Executive Summary : | Supramolecular self-assembly is the spontaneous assembly of small molecular components to form larger aggregates via reversible non-covalent binding. Such self-assembly approach generally leads to the formation of thermodynamically most stable architectures. Self-assembled 3D coordination architectures are very appealing since their formation and properties are controlled by specific directional information and functionalities encoded in the subunits. The aim of the proposed project is to design 3D discrete architectures having confined nanospace with special decoration for storing/stabilization of unusual conformations of organic compounds and for performing chemical reactions with special emphasis on achieving enantioselective transformations.
Three-dimensional (3D) confined architectures have received huge appreciation in recent times from the scientific community due to their potential applications in catalysis, host-guest chemistry and catalysis. Use of such architectures in stabilization of reactive intermediates/ unusual conformers and enantioselective reactions is not well explored. Consequently, design and synthesis of multifunctional three-dimensional (3D) discrete molecular architectures have gained paramount attention in current scientific advancements for exploring the use of these systems for the above-mentioned reasons.

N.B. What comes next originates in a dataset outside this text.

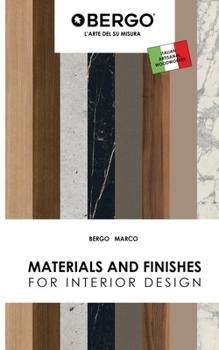 Paperback Materials and Finishes for Interior Design: Which material is most suitable for your furniture? Book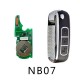 KD-NB07 Remote Key For KD900/KD900+/URG200 Remote Programmer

This proposal aims to use metal-ligand coordination as driving for to construct three-dimensional architectures of Pd and Ir. The confined pocket of such newly designed architectures will be use to study the chemistry of some photo-/thermo-chromic compounds. Moreover, the confined pocket of some architectures will be decorated with certain chiral functional groups for performing enantioselective organic transformations in the confined nano-space of such molecular containers. Apart from these, efforts will be given to study encapsulation of a wide variety of guest molecules including photo-/light sensitive drugs. |